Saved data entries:
%%
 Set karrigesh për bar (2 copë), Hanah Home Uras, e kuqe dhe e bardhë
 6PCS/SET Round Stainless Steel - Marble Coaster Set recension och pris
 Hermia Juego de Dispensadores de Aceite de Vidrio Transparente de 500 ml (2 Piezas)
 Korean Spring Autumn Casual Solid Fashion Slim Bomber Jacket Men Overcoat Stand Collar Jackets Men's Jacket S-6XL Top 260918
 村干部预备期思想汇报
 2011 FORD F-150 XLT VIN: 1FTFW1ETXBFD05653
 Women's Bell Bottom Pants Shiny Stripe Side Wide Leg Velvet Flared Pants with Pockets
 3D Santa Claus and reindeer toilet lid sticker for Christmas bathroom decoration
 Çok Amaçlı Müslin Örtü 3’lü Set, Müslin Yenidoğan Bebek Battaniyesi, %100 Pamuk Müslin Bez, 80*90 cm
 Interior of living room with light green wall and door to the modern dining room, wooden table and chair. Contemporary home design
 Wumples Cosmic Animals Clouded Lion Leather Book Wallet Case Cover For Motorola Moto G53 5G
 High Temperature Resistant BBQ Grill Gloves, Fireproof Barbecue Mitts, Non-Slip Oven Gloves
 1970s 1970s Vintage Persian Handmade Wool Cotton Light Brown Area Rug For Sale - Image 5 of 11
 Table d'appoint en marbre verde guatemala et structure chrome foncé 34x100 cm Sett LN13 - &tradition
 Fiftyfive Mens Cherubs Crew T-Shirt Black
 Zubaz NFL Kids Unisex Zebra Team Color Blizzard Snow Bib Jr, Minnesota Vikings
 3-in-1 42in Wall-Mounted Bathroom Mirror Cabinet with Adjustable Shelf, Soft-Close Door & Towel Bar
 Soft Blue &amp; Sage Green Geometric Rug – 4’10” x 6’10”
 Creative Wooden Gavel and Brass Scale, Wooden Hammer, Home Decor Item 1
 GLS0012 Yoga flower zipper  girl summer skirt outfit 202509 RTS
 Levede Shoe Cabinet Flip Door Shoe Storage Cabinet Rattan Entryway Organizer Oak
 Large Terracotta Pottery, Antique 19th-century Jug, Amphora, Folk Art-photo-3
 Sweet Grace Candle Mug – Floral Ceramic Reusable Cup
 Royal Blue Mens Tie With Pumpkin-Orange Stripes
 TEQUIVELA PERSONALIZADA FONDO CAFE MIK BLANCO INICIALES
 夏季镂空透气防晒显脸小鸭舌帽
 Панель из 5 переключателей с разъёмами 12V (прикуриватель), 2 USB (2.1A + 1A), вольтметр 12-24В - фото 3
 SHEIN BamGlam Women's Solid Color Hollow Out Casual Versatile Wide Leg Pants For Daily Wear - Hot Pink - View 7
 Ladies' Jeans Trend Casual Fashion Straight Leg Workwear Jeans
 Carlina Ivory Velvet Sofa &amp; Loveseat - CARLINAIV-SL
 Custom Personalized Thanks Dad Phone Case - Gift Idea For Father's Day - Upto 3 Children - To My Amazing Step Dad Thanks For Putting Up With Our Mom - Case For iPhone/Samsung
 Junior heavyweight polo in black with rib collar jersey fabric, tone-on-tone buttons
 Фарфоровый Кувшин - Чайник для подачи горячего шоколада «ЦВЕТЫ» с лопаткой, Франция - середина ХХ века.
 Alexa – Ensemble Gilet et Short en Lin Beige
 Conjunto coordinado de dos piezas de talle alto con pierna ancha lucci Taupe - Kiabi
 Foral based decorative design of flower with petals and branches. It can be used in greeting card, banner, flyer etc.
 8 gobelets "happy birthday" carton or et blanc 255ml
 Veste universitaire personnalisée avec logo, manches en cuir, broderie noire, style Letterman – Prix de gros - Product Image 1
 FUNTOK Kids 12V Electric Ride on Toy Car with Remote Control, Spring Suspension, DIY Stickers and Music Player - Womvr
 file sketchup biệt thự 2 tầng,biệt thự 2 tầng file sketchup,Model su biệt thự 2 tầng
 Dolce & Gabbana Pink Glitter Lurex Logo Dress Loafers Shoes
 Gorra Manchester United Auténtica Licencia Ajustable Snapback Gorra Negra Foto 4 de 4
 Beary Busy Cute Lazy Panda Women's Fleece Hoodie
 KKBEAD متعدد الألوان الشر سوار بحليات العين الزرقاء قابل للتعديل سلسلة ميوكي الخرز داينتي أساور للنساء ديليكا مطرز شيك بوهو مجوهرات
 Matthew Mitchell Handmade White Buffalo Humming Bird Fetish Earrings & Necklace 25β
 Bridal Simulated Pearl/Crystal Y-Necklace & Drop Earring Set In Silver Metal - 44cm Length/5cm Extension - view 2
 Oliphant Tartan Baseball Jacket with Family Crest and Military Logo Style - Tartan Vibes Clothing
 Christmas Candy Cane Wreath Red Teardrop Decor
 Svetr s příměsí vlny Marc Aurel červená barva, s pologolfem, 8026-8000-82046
%%
# [Work task]
With the string "Spring" as the key, filter the data above and show the lines that match.

# [Answer to this problem]
 Korean Spring Autumn Casual Solid Fashion Slim Bomber Jacket Men Overcoat Stand Collar Jackets Men's Jacket S-6XL Top 260918
 FUNTOK Kids 12V Electric Ride on Toy Car with Remote Control, Spring Suspension, DIY Stickers and Music Player - Womvr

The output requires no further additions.